# A little walk about (bird pictures)



## hadgo (Jan 1, 2009)

Went down the park today and these are some of the photo's I got, not the best but I'm still learning

1. Not sure what bird this is









2. This little feller loved having his photo taken! Not camera shy at all









3. Same Robin as above









4. Another not sure what bird...









5. I liked this picture a lot for some reason










6. Not part of the photos (I will be using the others in my photography assignment) but this is a Heron I really want to photograph but my camera was set to JPEG rather than Raw (oops) and its always too far away, hopefully getting a teleconverter soon!


----------



## Shellsfeathers&fur (Jan 18, 2009)

No 1 is a Great Tit and No 4 is a Long Tailed Tit.


----------



## AnnB (Jun 7, 2009)

It's amazing how good the local park can be for wildlife sometimes.

Your bird number 1. is a Great Tit and bird 4. is a Long-tailed Tit.


----------



## hadgo (Jan 1, 2009)

AnnB said:


> It's amazing how good the local park can be for wildlife sometimes.
> 
> Your bird number 1. is a Great Tit and bird 4. is a Long-tailed Tit.

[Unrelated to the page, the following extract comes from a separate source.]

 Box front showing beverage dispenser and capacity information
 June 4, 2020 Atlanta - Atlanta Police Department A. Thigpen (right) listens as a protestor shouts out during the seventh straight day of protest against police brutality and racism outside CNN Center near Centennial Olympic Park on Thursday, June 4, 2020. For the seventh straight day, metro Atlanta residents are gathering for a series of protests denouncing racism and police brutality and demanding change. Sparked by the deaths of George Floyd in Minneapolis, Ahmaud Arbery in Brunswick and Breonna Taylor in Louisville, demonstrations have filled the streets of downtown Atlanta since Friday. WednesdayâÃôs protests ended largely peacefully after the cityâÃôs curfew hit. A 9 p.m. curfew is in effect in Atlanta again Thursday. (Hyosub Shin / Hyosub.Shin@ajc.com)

It was a wildlife park/woods but all these pictures were taken on the road into the park, including the heron which is in the pond next to the cafe.


----------



## waterdragon555 (Nov 27, 2010)

:no1:Nice picture of the birds.I love the heron


----------



## waterdragon555 (Nov 27, 2010)

1.great tit 
2.robin as you know
3.long tailed tit 
4.hering gull
5.heron p.s brill picture


----------



## Bruceyyy (May 9, 2010)

waterdragon555 said:


> 1.great tit
> 2.robin as you know
> 3.long tailed tit
> 4.hering gull
> 5.heron p.s brill picture


Number 4 is a black headed gull!
note the small narrow bill.
also note the dark smudge behind the eye - it is in winter plumage and that smudge is all that remains of the dark head feathers it has in summer!


----------



## JessAndDrew (Sep 6, 2011)

all of your photos are lovely


----------